I would not call qmail highly configurable.  It is configurable ... but not 
the greatest.  For example, it is not the simplest or most straightforward 
way to configure relaying.  You set environment variables, and configure 
tcpserver (third party package).  In postfix ... you have everything in the 
configuration files ... just change $my_networks.

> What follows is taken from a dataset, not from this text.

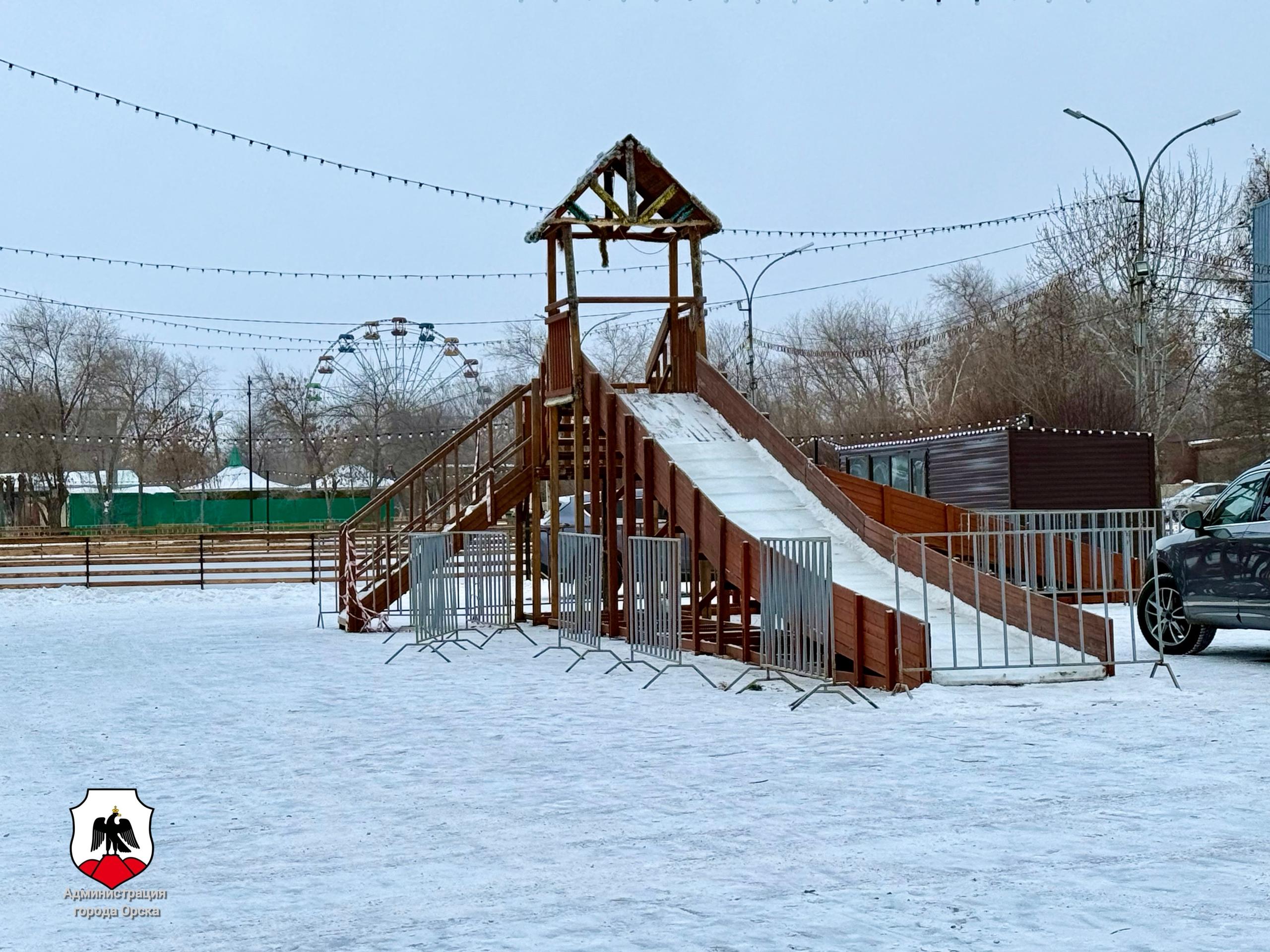 Прошлой ночью в Орске кто-то пытался украсть Новый год Прошлой ночью в Орске кто-то пытался украсть Новый год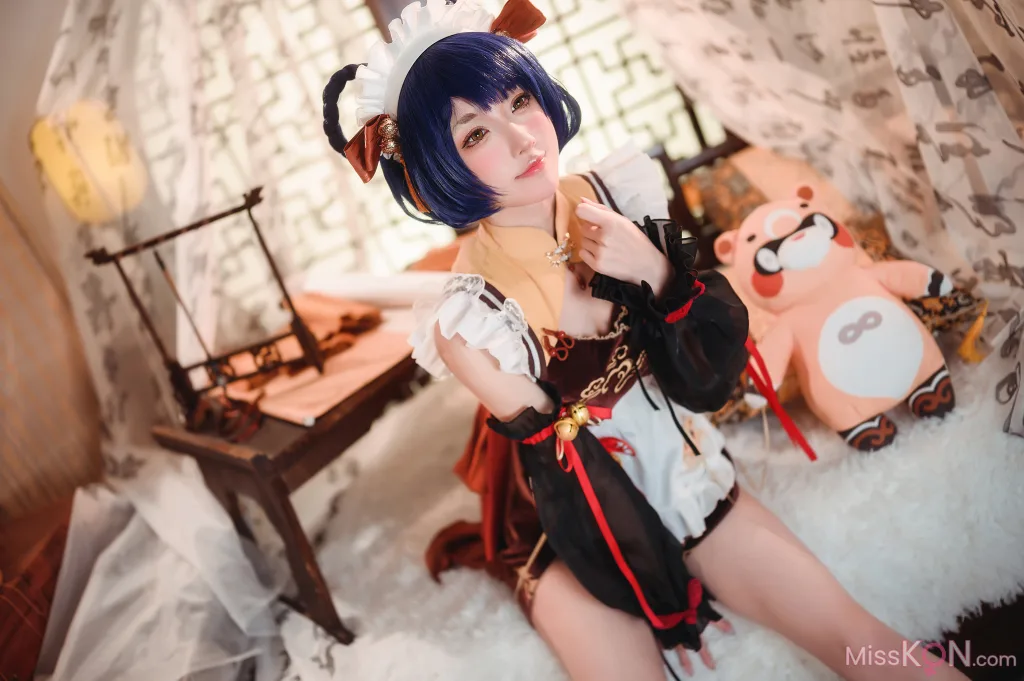 Coser@阿包也是兔娘: 香菱女仆 (41 photos)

qmail is not GPL'd ... it dies with Dan.

postfix supports qmail style Maildir, and many more features that are just 
plain nice.  That is highly configurable in my world.  O.K.  we'll just 
support another mail storage format of another server (nice).  It has a 
sendmail replacement binary, hooks into PostgreSQL (yay!), and MySQL if you 
desire.  It plays nice with all sorts of mail retrieval (pop and imap).  Nice 
configurations (much nicer that most other options), well ... very well 
documented.  It's just all around good.

I just moved a major client away from qmail (800+ users / multiple domains).  
They in fact requested to be released from the gripping fist called qmail.  
They actually had to limit mail scanning to incoming (not outgoing) because 
qmail was simply too slow, and resource hoggish when doing multi way 
scanning.  (Although for 10 users ... it really wouldn't matter much, but why 
settle when you don't have too).

I prefer postfix log output ... by far.  I find it much more intelligible when 
you need to search for something.

> I have also had Kolab server recommended to me but I don't know, this seems
> to be over-the-top as far as what my needs are. I suppose I should define
> them here as this will most likely influence people's recommendations. I am
> talking about setting up a mail server to handle my own domain's mail. Less
> than 10 users, not a lot of traffic.

Kolab is bundling everything for you ... SMTP (authenticated), choice of POP3, 
POP3s, IMAP, IMAPS, bundled and configured for clamav, and Spamassassin right 
from the get go.  To set that up yourself by hand is quite a bit of work.  It 
has a super simple administration interface, and it offers groupware 
capabilities as well.  You don't have to use them, but they are there.

At the moment ... the current server version is single domain only.  You can 
hand configure Kolab to receive for multiple domains ... but it's not 
available in thier admin interface.  The next release (which is in beta right 
now) is supposed to contain multi-domain support though.